Chapter 8

198 16 2
                                    

Aku berbalik untuk memeriksanya. Tapi dia sudah tidak ada pada tempat sebelumnya. Mataku berkeliling mencarinya di sekitar sini. Tapi dia jugs tidak ada dimana-mana. Dia sudah pergi. Aku melihat botol kecil yang ia berikan padaku. Apa ini? Apa ini semacam ramuan yang bisa mengungkap kebenaran?

Yang benar saja, Nat.

Aku membuka tutupnya dan melihat isinya. Di dalam botol tabung itu terdapat serbuk berwarna putih. Aku tidak tahu apa ini. Serbuk di dalamnya tidak berbau. Dan sepertinya ini bukan racun. Entahlah. Aku tidak peduli.

Aku pun memasukkan botol itu ke kantung celanaku dan aku melanjutkan jalanku kembali masuk ke dalam kafe. Tapi tepat di pintu belakang kafe, seseorang kembali mencegatku. Kini orangnya adalah Bella. Ya, Bella. Double crap!

"Kau ada hubungan apa dengannya?"

"Hah?" Aku terkejut dengan pertanyaannya. Tidak bisakah dia basa-basi sebentar?

"Kau terlihat dekat dengannya."

"Apa? Tidak, Bel, tidak. Kau salah paham. Permisi, aku ingin lewat." Aku berusaha melewatinya, tapi dia selalu mencegatku lagi dan lagi. "Apa sih?"

"Kau tidak bisa bohong denganku, Natasha Blaire," ucapnya sambil bertolak pinggang. "Aku melihatmu memarahinya, lalu dia pergi dan kau mengejarnya untuk meminta maaf. Bukankah kalian lucu? Aku hampir saja menyebut kalian sebagai pasangan remaja berumur 15 tahun. Kalian menggelikan."

"Ya ampun, bisakah kau percaya padaku kali ini saja? Aku tidak ada apa-apa dengannya," ucapku berusaha mengelak. Tapi memang itu kan kenyataanya. Aku dan Sebastian tidak ada apa-apa-nya.

"Baiklah. Kau memiliki tiga nyawa. Dan kau baru saja kehilangan satu. Lihat saja, Nat, aku akan segera mengetahui jawabannya."

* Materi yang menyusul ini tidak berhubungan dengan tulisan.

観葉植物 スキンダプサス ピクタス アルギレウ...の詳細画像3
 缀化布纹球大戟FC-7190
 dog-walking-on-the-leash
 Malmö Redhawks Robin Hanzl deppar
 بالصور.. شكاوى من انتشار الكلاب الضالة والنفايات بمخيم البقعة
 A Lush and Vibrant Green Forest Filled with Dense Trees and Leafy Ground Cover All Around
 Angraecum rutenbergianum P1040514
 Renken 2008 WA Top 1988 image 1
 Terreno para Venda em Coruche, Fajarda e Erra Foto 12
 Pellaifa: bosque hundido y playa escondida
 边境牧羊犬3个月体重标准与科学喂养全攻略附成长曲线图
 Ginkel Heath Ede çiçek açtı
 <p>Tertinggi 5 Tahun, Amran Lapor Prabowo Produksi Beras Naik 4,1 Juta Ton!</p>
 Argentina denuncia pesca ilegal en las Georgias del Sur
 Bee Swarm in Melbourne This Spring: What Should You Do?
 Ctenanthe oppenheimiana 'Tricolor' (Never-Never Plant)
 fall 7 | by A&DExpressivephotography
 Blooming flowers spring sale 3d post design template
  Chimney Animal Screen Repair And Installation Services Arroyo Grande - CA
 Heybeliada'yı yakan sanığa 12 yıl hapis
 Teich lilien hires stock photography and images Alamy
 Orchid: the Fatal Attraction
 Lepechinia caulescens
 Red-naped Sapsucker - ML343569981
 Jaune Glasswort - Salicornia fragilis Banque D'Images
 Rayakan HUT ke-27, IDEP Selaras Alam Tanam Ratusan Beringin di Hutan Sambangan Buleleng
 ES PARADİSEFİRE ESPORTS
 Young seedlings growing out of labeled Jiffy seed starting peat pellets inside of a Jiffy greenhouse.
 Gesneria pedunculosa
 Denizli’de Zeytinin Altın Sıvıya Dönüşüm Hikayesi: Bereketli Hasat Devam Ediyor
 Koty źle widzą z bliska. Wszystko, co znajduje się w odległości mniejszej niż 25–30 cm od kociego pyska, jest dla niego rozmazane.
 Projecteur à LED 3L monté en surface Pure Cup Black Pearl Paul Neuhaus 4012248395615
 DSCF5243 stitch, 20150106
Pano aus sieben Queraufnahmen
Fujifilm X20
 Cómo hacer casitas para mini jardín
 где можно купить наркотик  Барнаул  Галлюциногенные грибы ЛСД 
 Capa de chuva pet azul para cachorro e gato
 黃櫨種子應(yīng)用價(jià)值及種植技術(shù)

"Terserahlah," ucapku sambil menyerobot Bella. Dan di belakangku dia tertawa. Tiba-tiba saja dia merangkul pundakku dari belakang. Dan jika dia seperti ini, dia pasti akan mengatakan kalimat itu.

"Siapa laki-laki itu?" Benarkan? "Yang menunggumu di depan itu? Dia siapa?"

Wajah Bella benar-benar menyebalkan. Jika dia bukan temanku, aku sudah melepas sepatuku dan menampar wajahnya berkali-kali dengan sepatuku. "Dia anaknya teman ibuku."

"Oh!!! Jadi ibumu menjodohkanmu dengan orang itu?"

"Sepertinya begitu," jawabku. Kalau bukan perjodohan apalagi memangnya?

"Kusarankan untuk menerimanya saja," ucapnya yang langsung membuatku menolehkan kepalaku dan memandangnya tidak percaya. Seolah-olah tatapanku berkata, Apa yang kau bicarakan, hah? "Dia tampan, Nat, dan kelihatannya dia baik," ya, kelihatannya begitu, tapi Sebastian baru saja memberitahuku kalau dia tidak seperti yang aku duga. "Dan dia pasti anak orang kaya. Ibumu kan berteman dengan orang kelas atas semua."

Aku memutar kedua bola mataku. "Yang benar saja."

Aku mengabaikan Bella. Dia benar-benar menyebalkan hari ini. Aku tidak sanggup dekat-dekat dengannya. Akhirnya aku memutuskan untuk ke dapur dan membuatkan kopi. Niat awalku pergi ke belakang memang untuk membuat kopi kan? Aku mengambil dua cangkir dan menaruhnya di atas meja. Aku mencari susu. Lalu menuangnya sedikit ke dalam masing-masing cangkir. Aku menghangatkan kopi hitam dengan ketel. Dan setelah panas, aku-

"Lalu diantara dua pangeran ini mana yang akan kau pilih?"

Aku menghela nafas jengkel. Aku kembali bertolak pinggang dan menghadapnya, menatapnya kesal. Dia terlihat sedang menerawang sesuatu. Kepalanya mengadah ke atas dengan tangan kanannya mengusap-usap dagunya, terlihat sedang berpikir keras.

"Jika aku jadi kau, aku akan memilih Si Sebastian itu."

Aku menautkan alisku. "Tadi kau bilang aku harus menerima perjodohan ibuku. Lalu kenapa kau berpindah ke Sebastian? Kenapa harus dia?"